米グレースケール社ビットコイン投信のロックアップ解除が市場に与える影響とは
6カ月間のロックアップ期間が7月に満了を迎え、グレースケール・ビットコイン・トラスト(GBTC)の約15億ドル相当の価値が流通市場に放出されようとしています。
GBTCのビットコインに対するプレミアムの需用が大幅に上昇し、昨年12月と昨年1月には、GBTCへの月間資金流入額がそれぞれ20億ドルと17億ドルとなり、最高額を記録していました。
Bybt.comによると、7月17日は、ロックアップ終了期間中で最も忙しい日になることが予想され、16,240BTC分のGBTCが取引可能になると言います。
世界最大のビットコイン投信の性質上、ファンドを直接購入した機関投資家は、ファンドを6ヶ月間保有した後でないと、流通市場で売却できません。待ちに待ったロックアップ解除を迎え、今月、40,000 BTC以上の価値があるGBTCの一片を手に入れることができるかもしれません。
同社が世界最大のビットコインファンドとしての地位を確立していることに鑑みれば、一部の投資家は、GBTCの売りによって、GBTCおよびビットコイン価格全般に下落の圧力をかけることを懸念しているとも思えます。
しかし、米仮想通貨取引所クラーケンの傘下である、分析機関クラーケン・インテリジェンスの研究者は、このように述べています。
「ロックアップ期間満了により、GBTCとビットコインの価格に上昇圧力をかけるかもしれません。今月ロックアップ終了予定のGBTC投資家の大部分は、大規模な機関投資家が占めているのです。」
機関投資家がポジションの決済を選択した場合、GBTCのヘッジをカバーするためにスポット市場でビットコインを購入する必要があります。クラーケンによれば、これがビットコインに「追い風」となる可能性があるといいます。
一方で、JPモルガンは6月、ロックアップ期間満了でビットコインの価格に負の圧力をかけると考え、GBTCのロックアップ解除がビットコインにとっての「逆風」を意味すると指摘していました。両者の意見は食い違っており、今月どちらに動くか真実を見守る必要がありそうです。
米上院議員ウォーレン氏の仮想通貨規制に対する姿勢
ワシントンD.C.のトップ議員は、仮想通貨の流通による問題に正面から取り組む姿勢を見せています。

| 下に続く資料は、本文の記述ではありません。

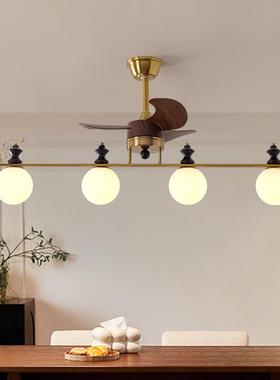 In the new paragraph, the Fung family uses a single chandeli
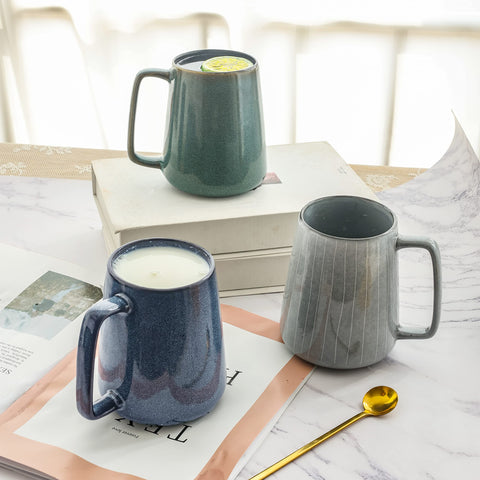 Taza Ceraozmus con asa ergonómica y diseño robusto.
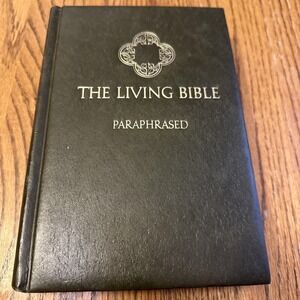 The Living Bible Paraphrased Tyndale 1971 Green Padded Hardcover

報道によると、アメリカで最も注目されている上院議員の一人であるエリザベス・ウォーレン氏は、米証券取引委員会(SEC)議長のゲイリー・ゲンスラーに対して、仮想通貨業界に纏わるある手紙を送りました。報告によるとウォーレン氏は、仮想通貨に向けた国家権力を巡って、5つの具体的な質問を付した質問状への回答を要求し、7月末までに回答するよう求めているようです。これは、以下の理由で大きな意義があります。
ウォーレン氏は、議会での地位、特に金融分野での地位の高さが顕著です。彼女は、上院銀行委員会の経済政策小委員会の委員長を務めており、2008年の金融危機の際には、中小企業や持家のある者への対策が不十分だとして、オバマ政権時の財務長官を批判したことで、知名度を上げました。そのウォーレン氏が、現在の仮想通貨に対する規制の状況を快く思っていないことは確かでしょう。
「現在、仮想通貨に関するガイダンスのほとんどは、SEC、米商品先物取引委員会(CFTC(Commodities and Futures Trading Commission))、連邦取引委員会(FTC(Federal Trade Commission))、および金融規制当局を表す他の一連の組織から発表されています。」
ある著者がこのように指摘しています。さらに重要な理由は、彼女の手紙が仮想通貨の規制を議会に委ねることを示唆している、ということです。
また、報道によると、今回のプロセスは、仮想通貨市場のイノベーションを阻害しないようにするために行われているようですが、ファイナンシャルアドバイザー向けの仮想通貨資産管理技術ソリューションを提供する米仮想通貨専門投資会社オンランプ・インベストのCEOであるタイロン・ロス氏がこのように指摘しています。
「この経緯は、終局的に、金融規制当局などの規制に関する議論が、議会での議論に反映されることに近づいているものと思われます。」
今後ウォーレン氏は、質問状の回答から得た情報をどのように扱かっていくか正確にはわかりません。今年4月には、仮想通貨の規制に関する法律と管轄権を明確にする法案が可決されており、大統領の承認が待たれます。米国は、仮想通貨の規制についてまもなく決断の時を迎えるかもしれません。